=== ASSIGNMENT ===
Repeat exactly, and only, the lines from the line bearing "3-D terrain view" through the end of the material. Do not copy the pictures.

(AVAILABLE DATA begins)

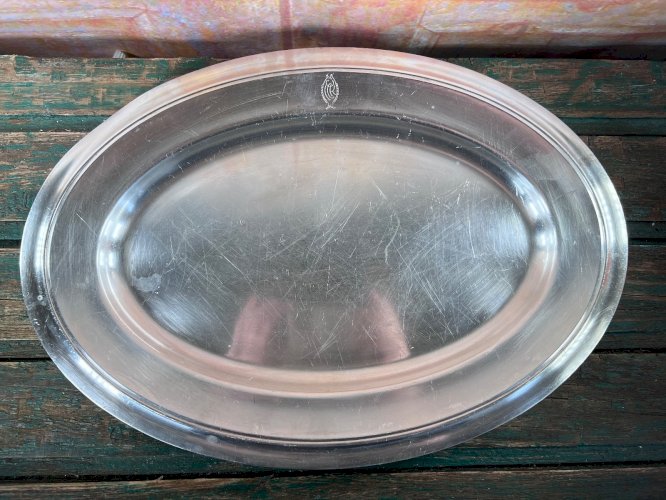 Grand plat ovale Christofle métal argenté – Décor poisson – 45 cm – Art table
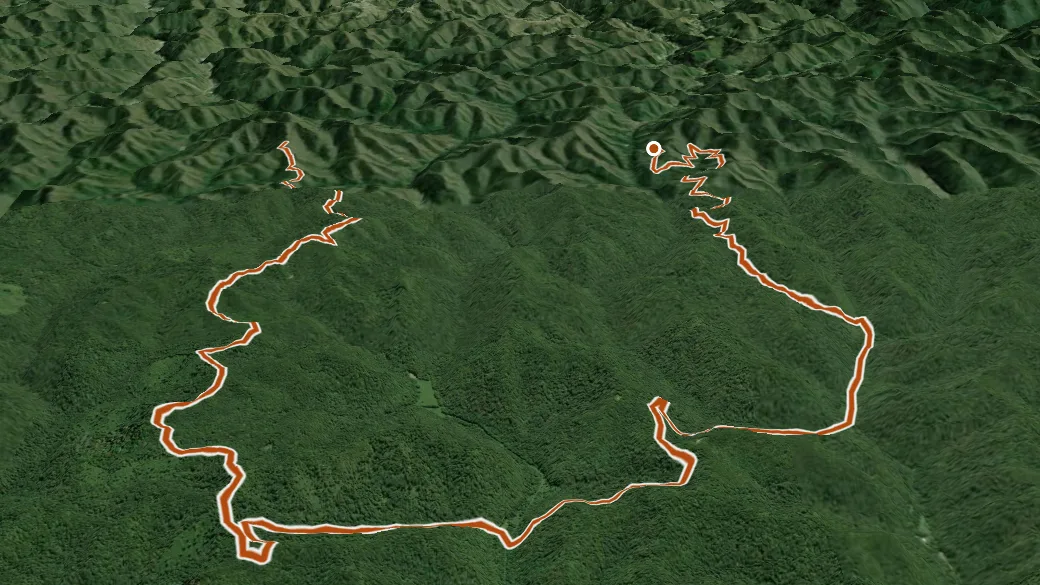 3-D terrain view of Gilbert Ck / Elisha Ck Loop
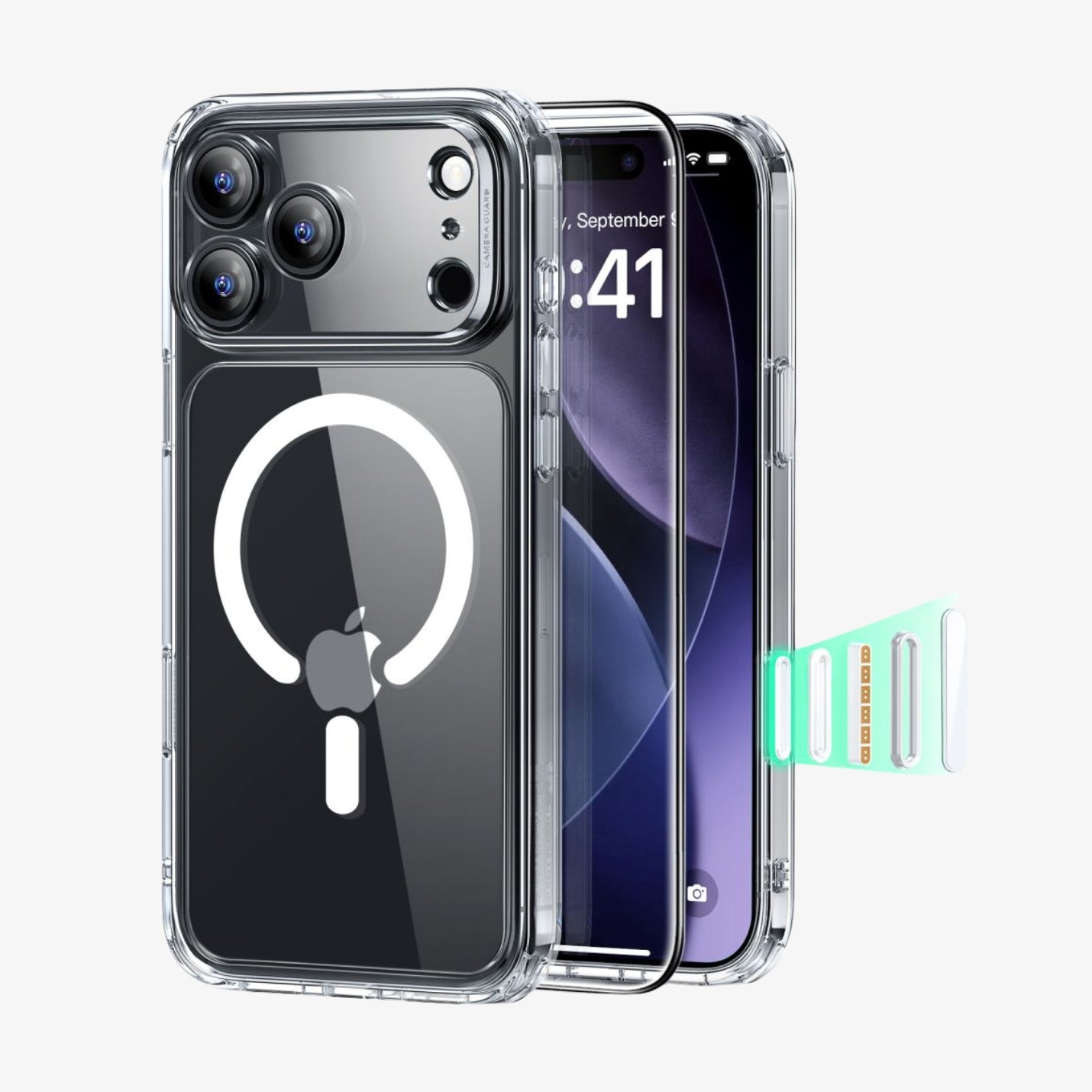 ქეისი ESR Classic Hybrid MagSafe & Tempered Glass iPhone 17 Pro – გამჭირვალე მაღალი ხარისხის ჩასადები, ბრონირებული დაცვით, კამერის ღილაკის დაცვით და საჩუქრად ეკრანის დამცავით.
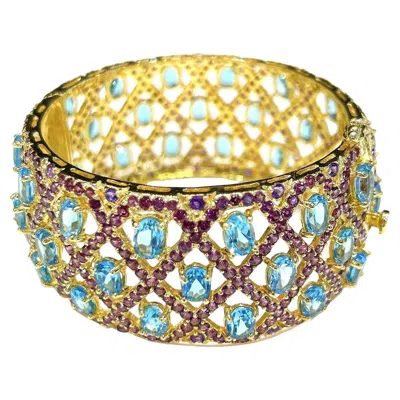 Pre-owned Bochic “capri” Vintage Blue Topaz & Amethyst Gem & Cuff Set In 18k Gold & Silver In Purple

(AVAILABLE DATA ends)

=== TASK SOLUTION ===
 3-D terrain view of Gilbert Ck / Elisha Ck Loop
 ქეისი ESR Classic Hybrid MagSafe & Tempered Glass iPhone 17 Pro – გამჭირვალე მაღალი ხარისხის ჩასადები, ბრონირებული დაცვით, კამერის ღილაკის დაცვით და საჩუქრად ეკრანის დამცავით.
 Pre-owned Bochic “capri” Vintage Blue Topaz & Amethyst Gem & Cuff Set In 18k Gold & Silver In Purple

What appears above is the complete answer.